*WORK TO COMPLETE*. Copy exactly the lines from the start of the material through the line with "image2 Attic office". Pictures stay out of the copy.

*SUPPLIED MATERIAL*.
★ ★ ★

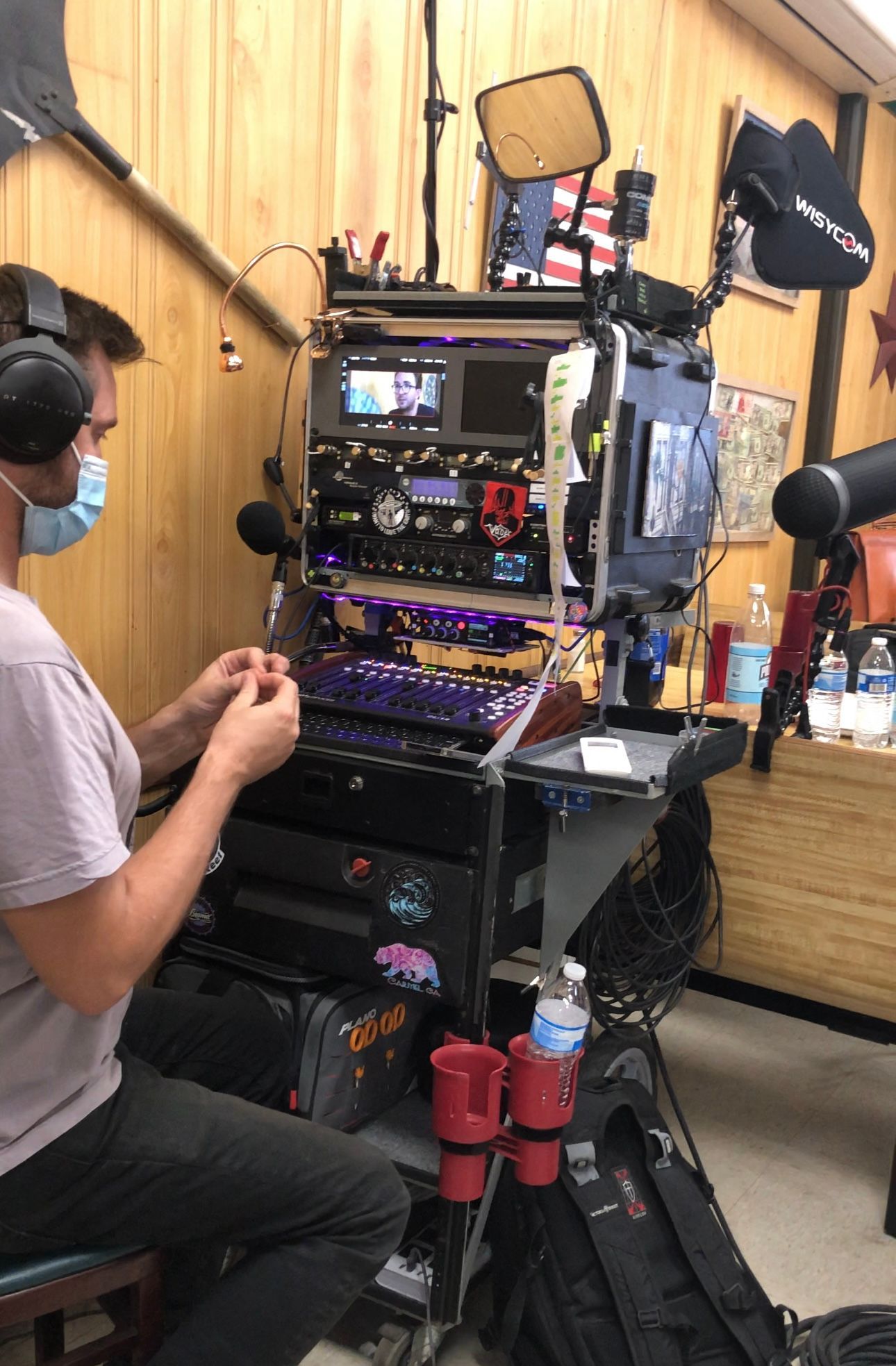 A man wearing a mask is sitting in front of a microphone in a room.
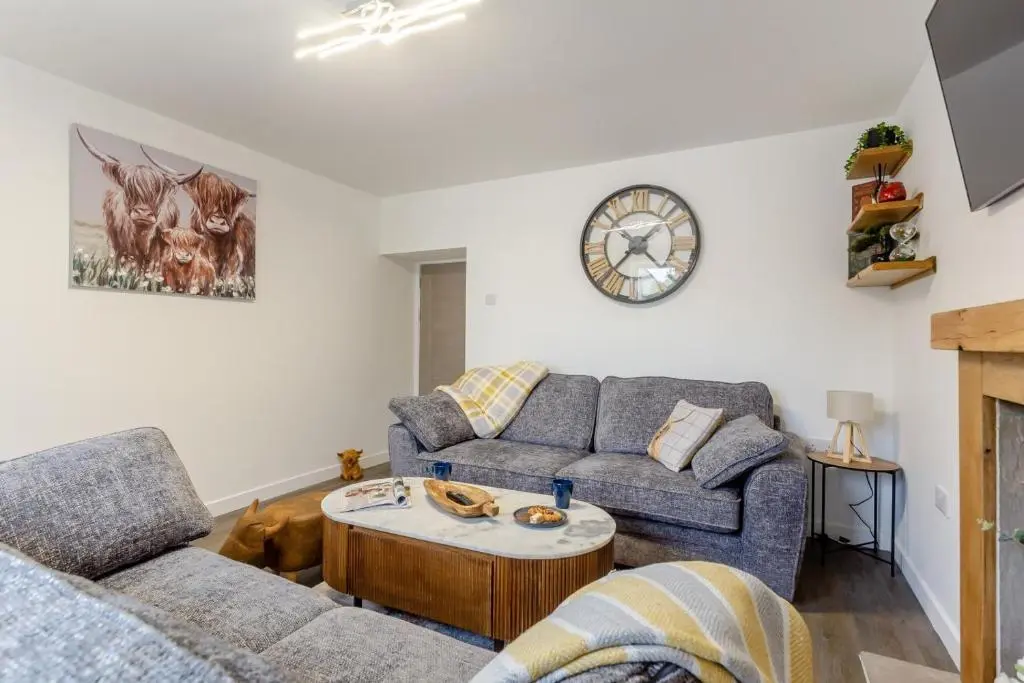 a living room with a couch and a table at 2 Bed in Inverness oc-b32706 in Inverness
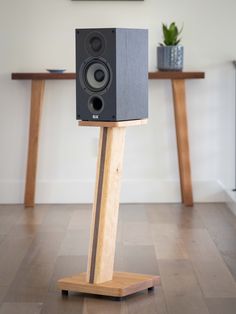 a pair of speakers sitting on top of a wooden stand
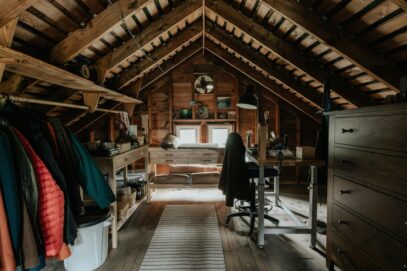 image2 Attic office space with old clothes and a table visible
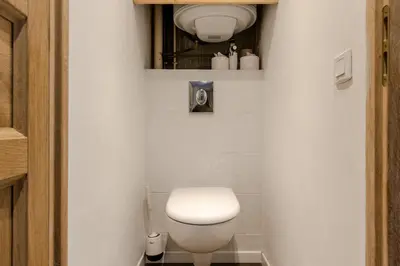 a bathroom with a white toilet and a mirror at Au coin du feu - Terrasse - Vue Mont Blanc in Saint-Gervais-les-Bains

★ ★ ★

*SOLUTION FOR THIS PROBLEM*.
 A man wearing a mask is sitting in front of a microphone in a room.
 a living room with a couch and a table at 2 Bed in Inverness oc-b32706 in Inverness
 a pair of speakers sitting on top of a wooden stand
 image2 Attic office space with old clothes and a table visible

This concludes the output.